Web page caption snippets
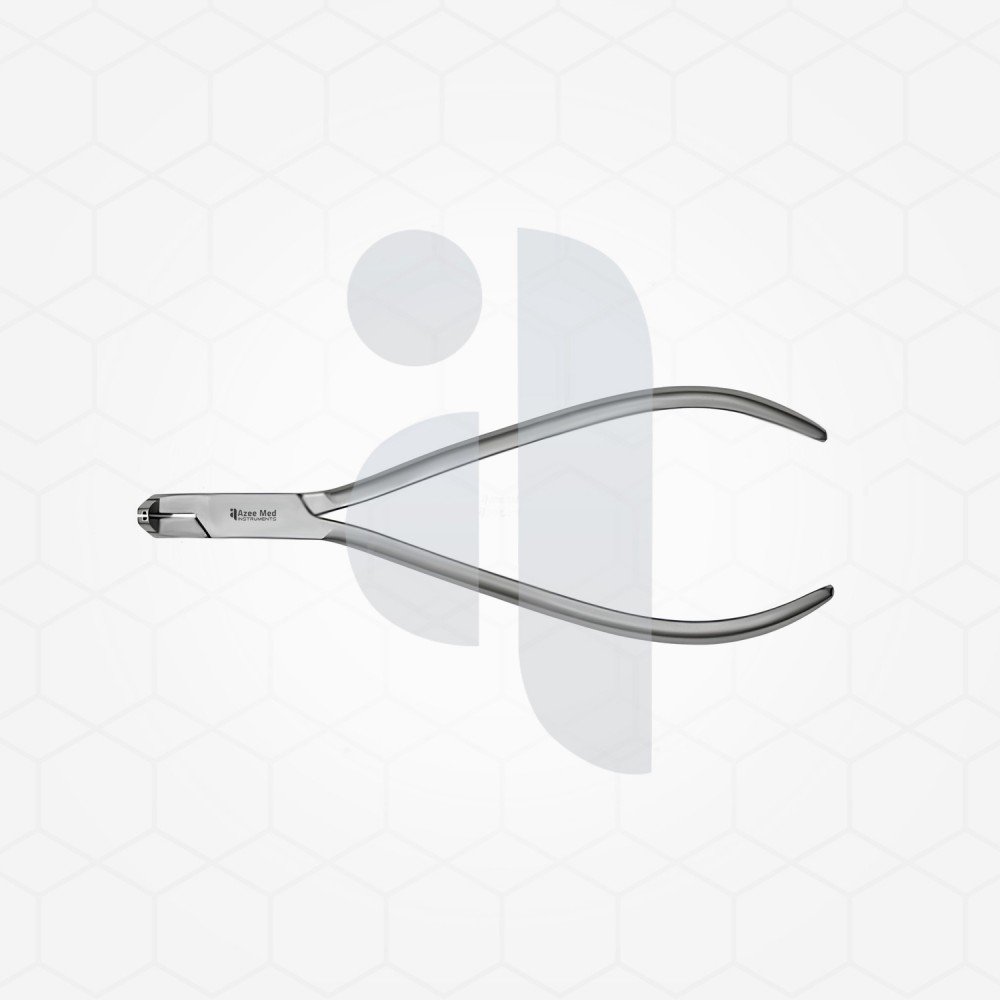 Dental Debonding & Debanding Set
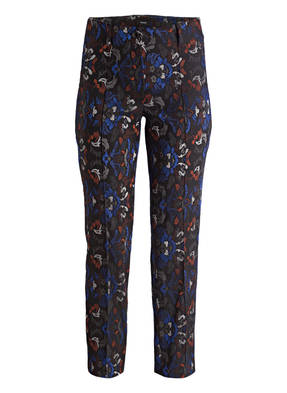 RIANI Jacquard-Hose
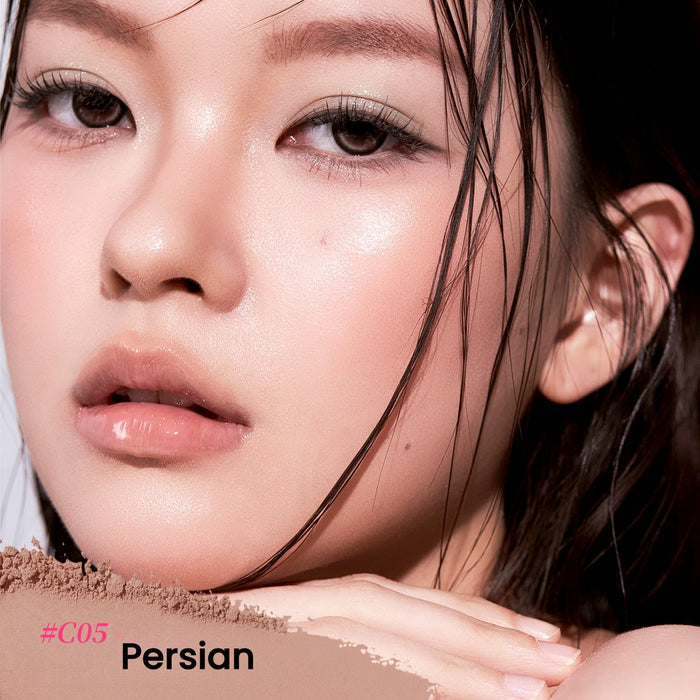 #C05 Persian
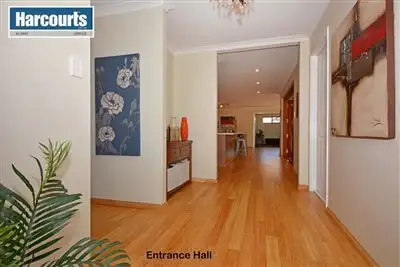 Third view of Homely house listing, 18 Collanda Circuit, Carramar WA 6031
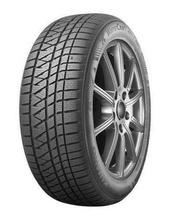 Opony Kumho WINTERCRAFT WS71 SUV 215/50 R18 92V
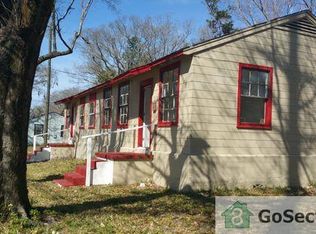 1945 W 26th St, Jacksonville, FL 32209
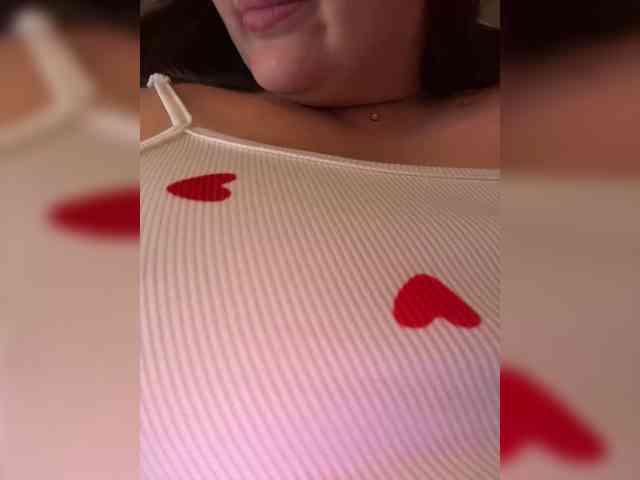 SweetySonya webcam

[WHAT YOU NEED TO DO]
Drop the pictures and reproduce the rest of the entries above exactly.

[EXERCISE SOLUTION]
 Dental Debonding & Debanding Set
 RIANI Jacquard-Hose
 #C05 Persian
 Third view of Homely house listing, 18 Collanda Circuit, Carramar WA 6031
 Opony Kumho WINTERCRAFT WS71 SUV 215/50 R18 92V
 1945 W 26th St, Jacksonville, FL 32209
 SweetySonya webcam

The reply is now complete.